Porting Mathlab code to C++ - accuracy problem [Matlab]

Prev: exemple for mlp code
Next: Learning Fortran

From: Rune Allnor on 20 May 2010 16:25

On 20 Mai, 21:22, "Jan Simon" <matlab.THIS_Y...(a)nMINUSsimon.de> wrote:
> Dear Rune!
>
> > > > During this work, i have rewrite several mathlab function and check my implementation vs Mathlab output using a precision of 1e-6.
> > > > this criteria work well until the end of the program, because result of computation which are 'double' are dump into a file as 'int32'.
>
> > > After Rune's charming advice to study the problem for some years,
>
> > Only a fool would ridicule that advice.
>
> The OP "thinks he can control the mathlab accuracy to fit with C++/compiler/ia32 constraint".

The OP has no clue what he is talking about.

> He will need a more practical advice than starting to study numerics for years:

Like it or not, but that's what he needs to do if he wants to
replicate matlab's numerical results with some accuracy.

> You cannot control the accuracy of Matlab. If two (correct) implementations of an algorithm reply different values, this is caused by the limited precision of floating point calculations.

Sure. And those of us who actually have studied numerics for some
non-trivial amount of time would know that there are a multitude
of tricks, methods and strategies one would need to be accutely
aware of to get within those couple of orders of magnitude of
the correct result.

Matlab is based on LINPACK. I used to read the companion literature
to that library. You get the big picture quite quickly by reading
a little bit about finite-precision binary formats and one book on
linear algebra (the Golub - van Loan book). From there on, the
remaining >99% of the literature treated the question about squeezing
another couple of significant digits or bits out of the computations.

Rune

From: Alex Buisson on 24 May 2010 02:53

Thanks to your answers,

I just want to say that if my experience with mathlab is very small, i have a huge (i hope) knowledge in programming (more than 10 years) in video coding, and that i'm n'ot discoreing the floatting point problems.

I agree that using 1e-6 as a precision threshold to perform my validation is'nt enough.
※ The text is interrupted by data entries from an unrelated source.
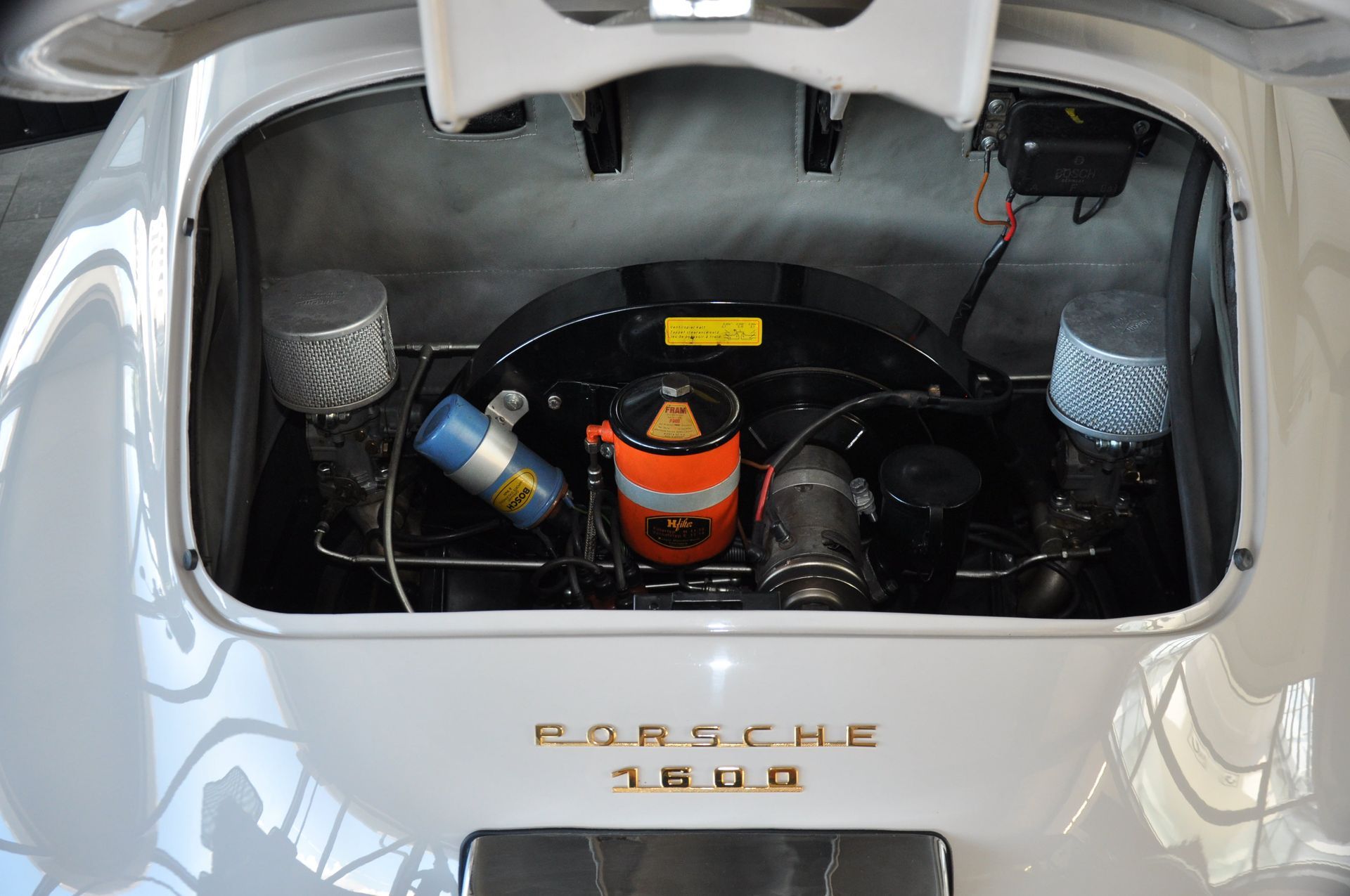 Moteur Porsche 356 blanc, composants noirs, deux filtres à air, pièces orange et bleues.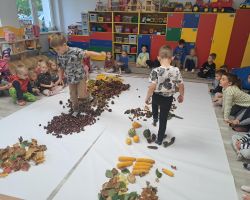 dzieci podczas zajęć sensorycznych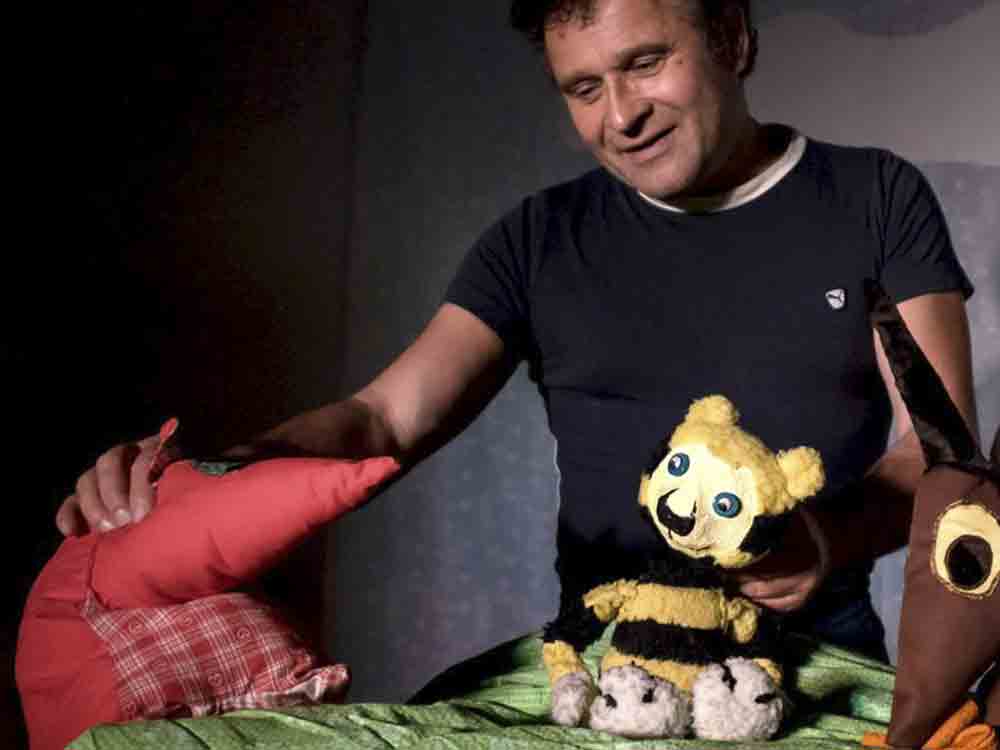 Gütersloh für die Kleinsten – Weberei-Kindertheater am Familiensonntag – »Ich mach’ dich gesund, sagte der Bär« Gütersloh für die Kleinsten – Weberei-Kindertheater am Familiensonntag – »Ich mach’ dich gesund, sagte der Bär«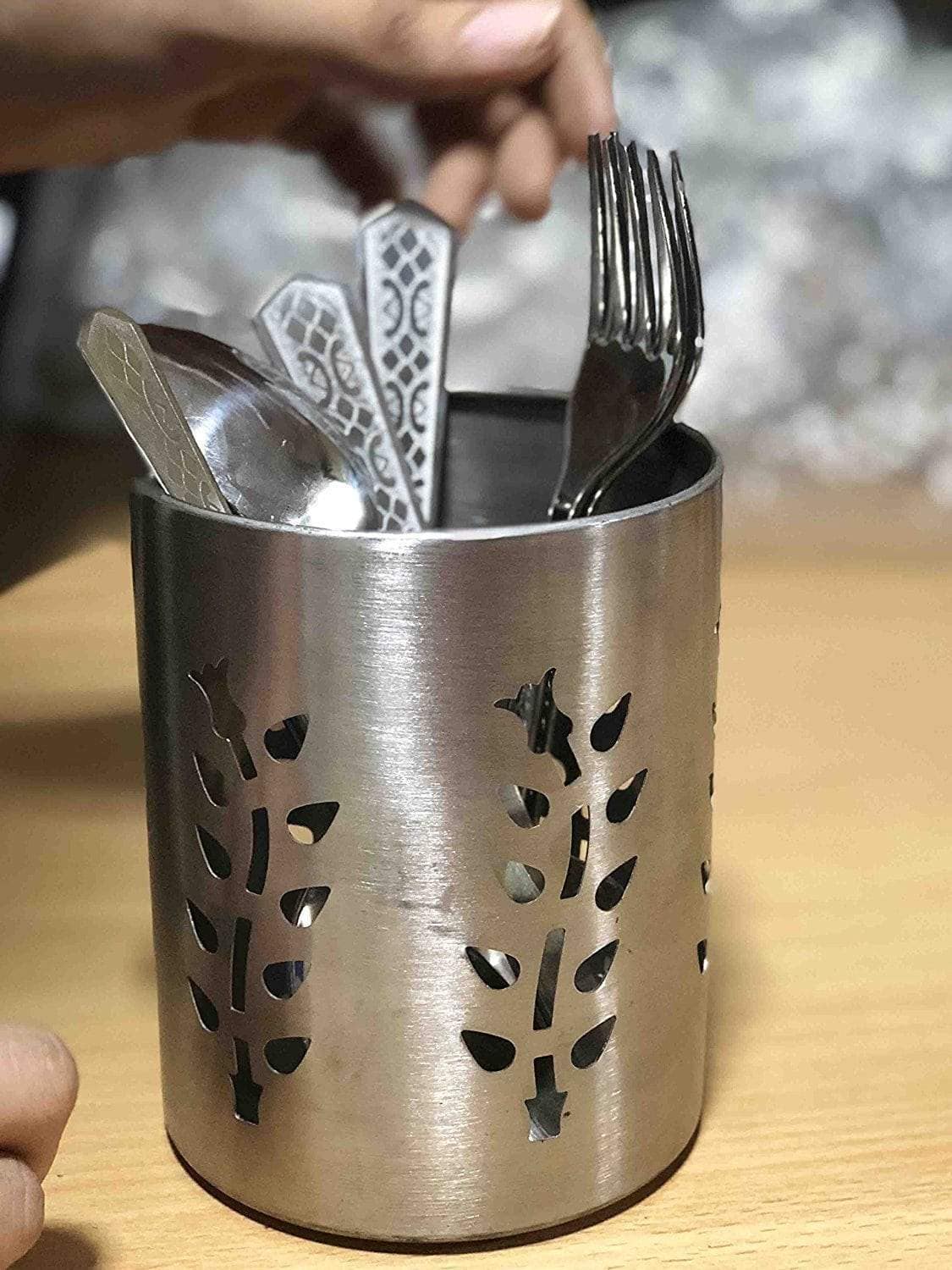 Best seller  stainless steel utensil holder leaf hole pen holder brush stand cutlery storage holder cutlery holder for table silver 4 5 inch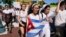 Người Cuba định cư tại Mỹ biểu tình ở Little Havana, ngoại ô Miami, Florida, ngày 18/7/2021 để ủng hộ người biểu tình tại Cuba. 
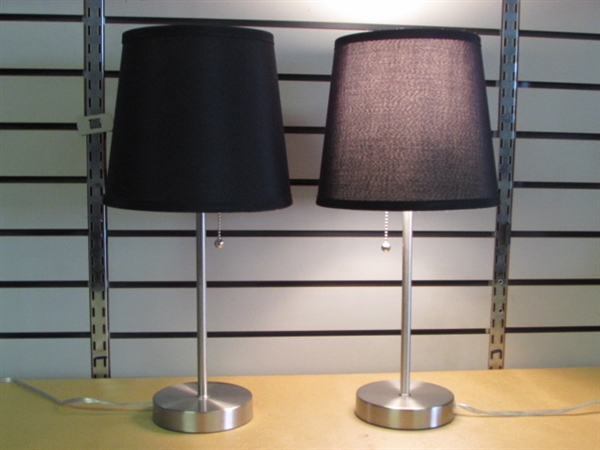NICE PAIR OF SLEEK BRUSHED SILVER FINISH ACCENT LAMPS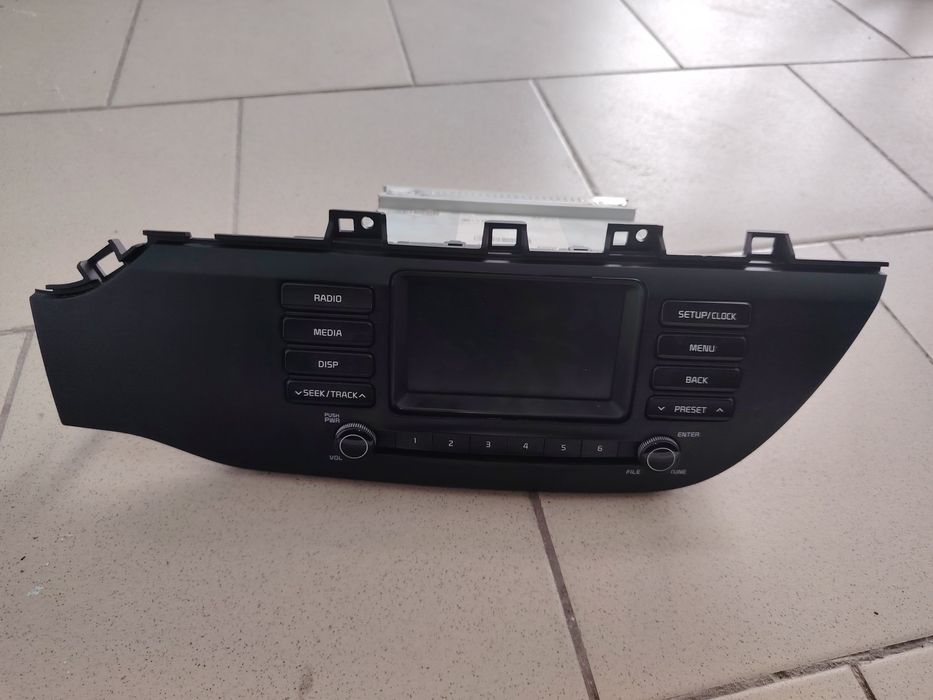 Продам Магнитофон на кио Рио 2018года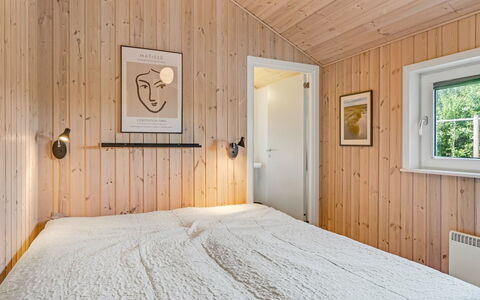Skakke - 350M to the Fjord: Legna, Camera Da Letto, Letto, Bedding, Lenzuolo, Telaio Del Letto, Soffitto, Casa, Interior Design, Pavimento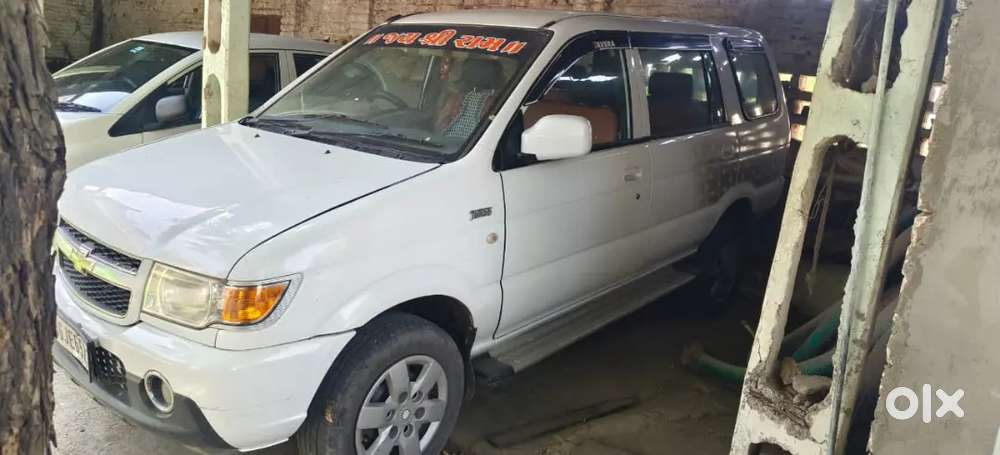 Chevrolet Tavera Ls 2015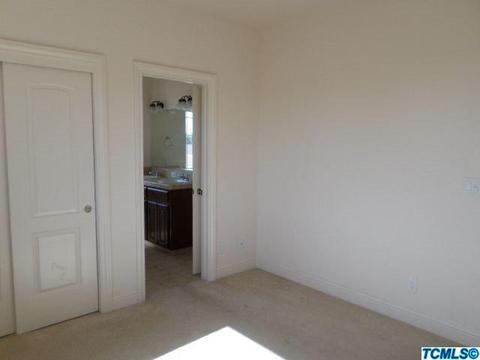 3203 E Beech Ct, Visalia, CA 93292 photo 17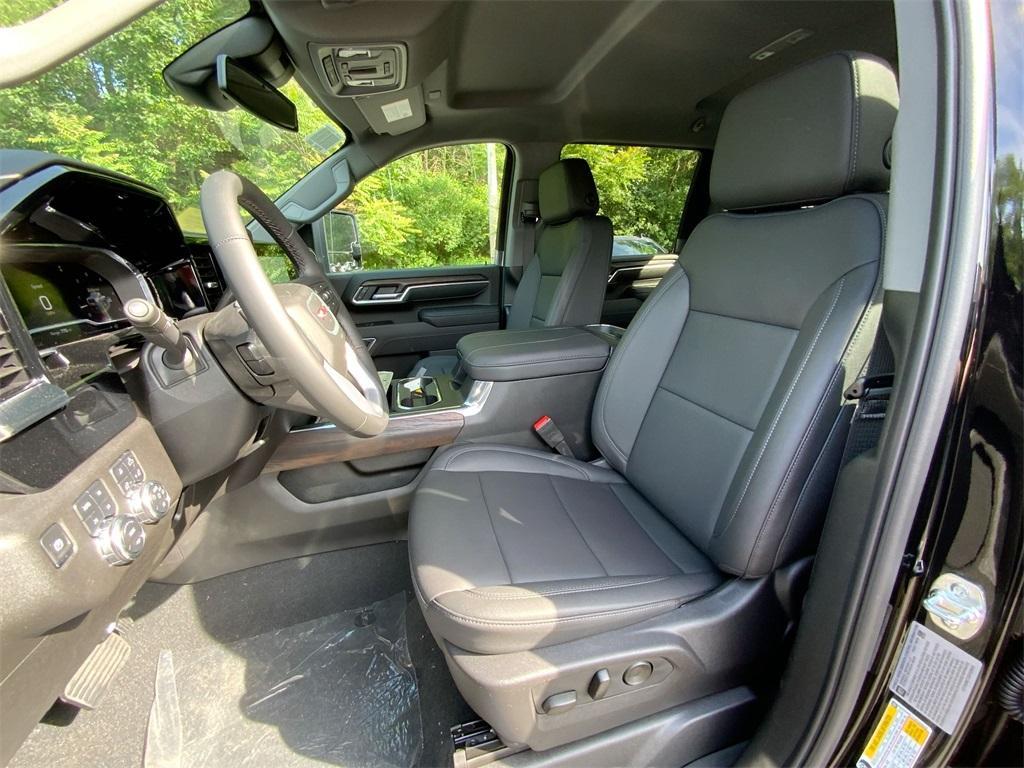 new 2025 GMC Sierra 2500 car, priced at $71,760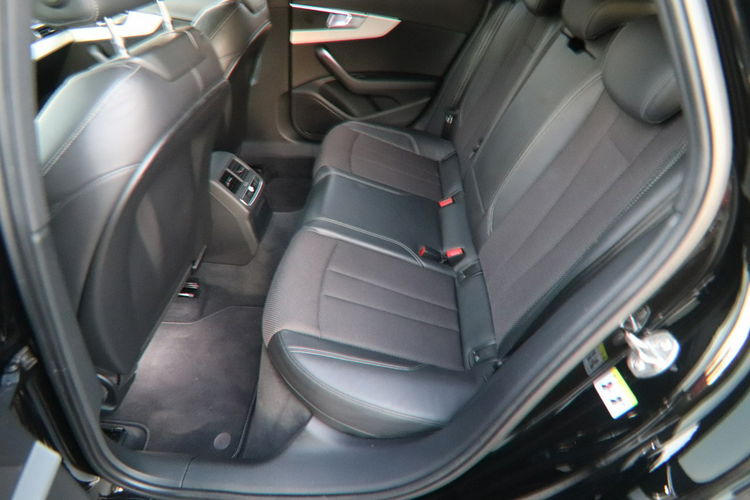 Audi A4 ,  S-LINE,  AUTOMAT,  zarejestrowany zdjęcie 12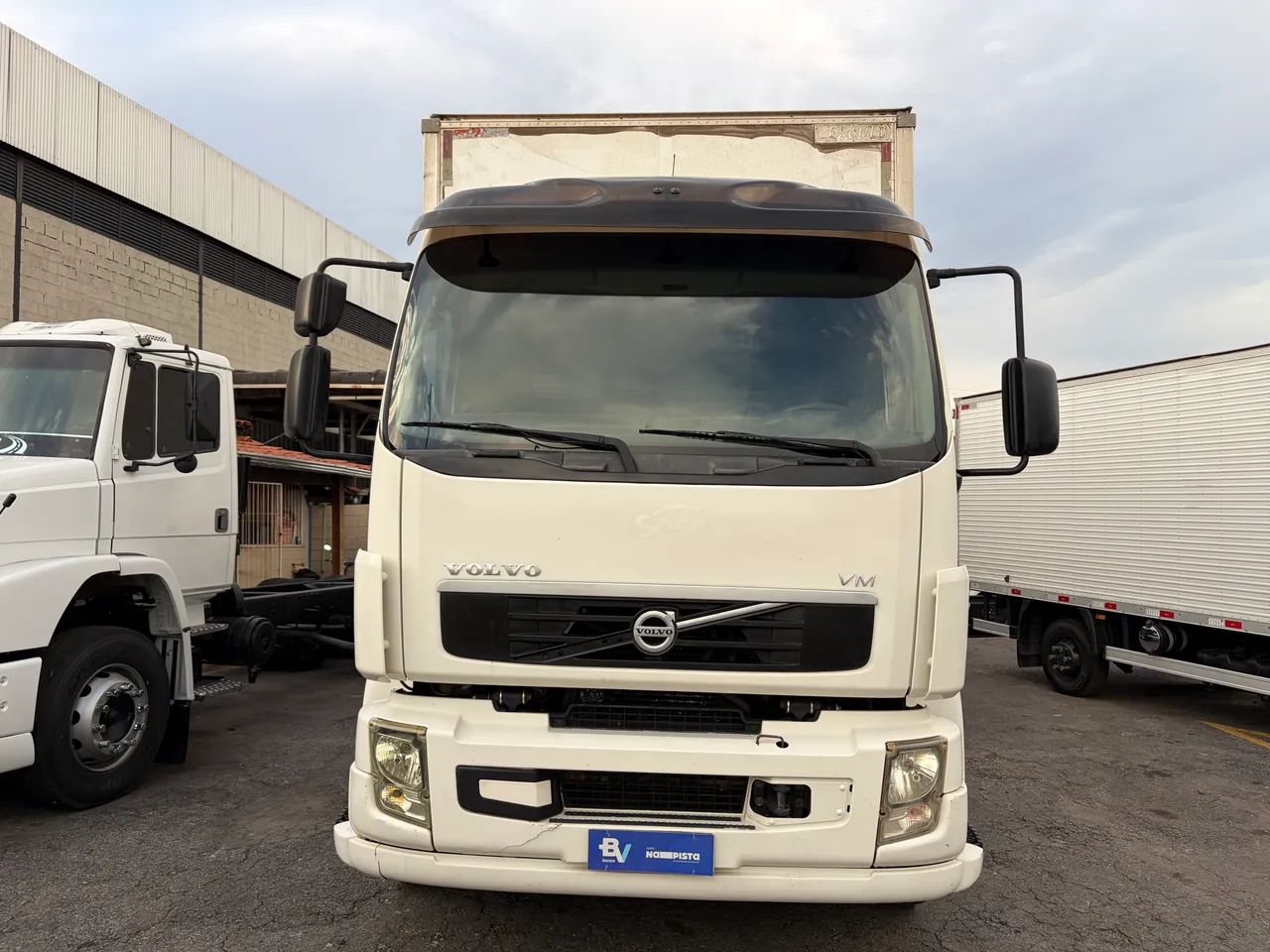 VM 220 2012 BAÚ 8,50 MTS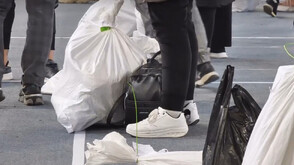 Напрежение съпроводи предаването на изборните книжа на много места в страната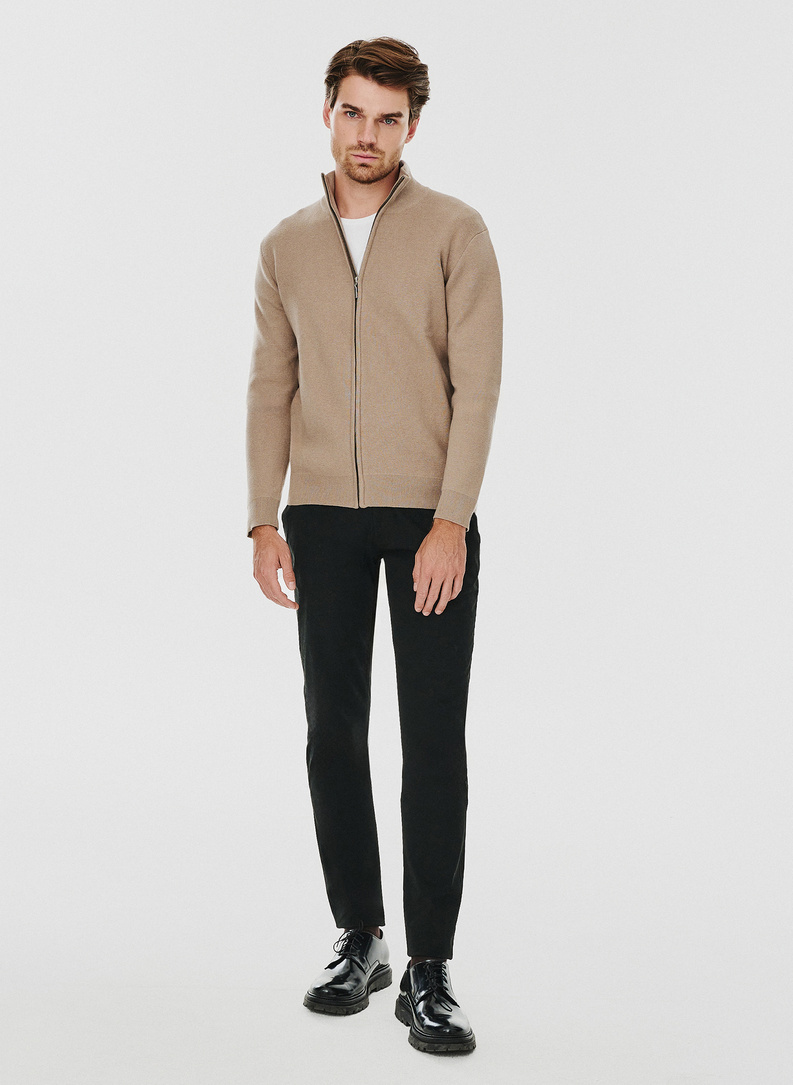 Sweter męski rozpinany w kolorze beżowym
I have made some change to check my C/C++ accuracy again 2*DLB_EPSILON (from the standard math lib : 2.2204460492503131e-016 /* smallest such that 1.0+DBL_EPSILON != 1.0 */).
And in the same time i take a look to mathlab EPS and how to change my simple round instruction to a custom rounding at a given number of digits.

Thanks guys!

From: Rune Allnor on 24 May 2010 06:00

On 24 Mai, 08:53, "Alex Buisson" <alex.buis...(a)gmail.com> wrote:
> Thanks to your answers,
>
> I just want to say that if my experience with mathlab is very small, i have a huge (i hope) knowledge in programming (more than 10 years) in video coding, and that i'm n'ot discoreing the floatting point problems.

I am not sure you are fully aware what you are heading into.
Try the script below.

It generates a vector of random data, and sums the numbers
in different orders. From an analytic standpoint the sums
should be equal, since in exact arithmetics addition commutes

a + b = b + a

but with finite precision arithmetics that no longer is true:

a + b =/= b + a.

%%%%%%%%%%%%%%%%%%%%%%%%%%%%%%%%%%%%%%
N = 100000;
x0 = randn(N,1);

s0 = 0;
for n=1:N
s0 = s0+x0(n);
end

x1 = sort(x0);
s1 = 0;
for n=1:N
s1 = s1+x1(n);
end

x2 = flipud(x1);
s2 = 0;
for n=1:N
s2 = s2 + x2(n);
end

e01 = abs(s0 - s1);
e02 = abs(s0 - s2);
e12 = abs(s1 - s2);

fprintf('s0 = %g \n',s0);
fprintf('s1 = %g \n',s1);
fprintf('s2 = %g \n',s2);
fprintf('e01 = %g \n',e01);
fprintf('e02 = %g \n',e02);
fprintf('e12 = %g \n',e12);
%%%%%%%%%%%%%%%%%%%%%%%%%%%%%%%%%%%%%%

Output on my screen:

s0 = 185.971
s1 = 185.971
s2 = 185.971
e01 = 2.45421e-010
e02 = 2.57046e-010
e12 = 1.16245e-011

So even an as simple and trivial operation as summing
a sequence of numbers introduces errors, depending on
the order in which the numbers are summed. The effect
is significant with a surprisingly low number of terms;
just try to run the same script a few times with N = 5,
N = 10, or N =15.

The difference between a good and a poor implementation
of the same numerical algorithm lies in the managment
of these kinds of errors, and the control of the resulting
damage.

It can be proved that the sum s1 above, sorting the numbers
and summing them in ascending order, is the optimum strategy
to minimuze the error: The sum is, at any one time, dominated
by the largest error term yet added. Make sure to always
add the smallest term to minimize the effect on the sum.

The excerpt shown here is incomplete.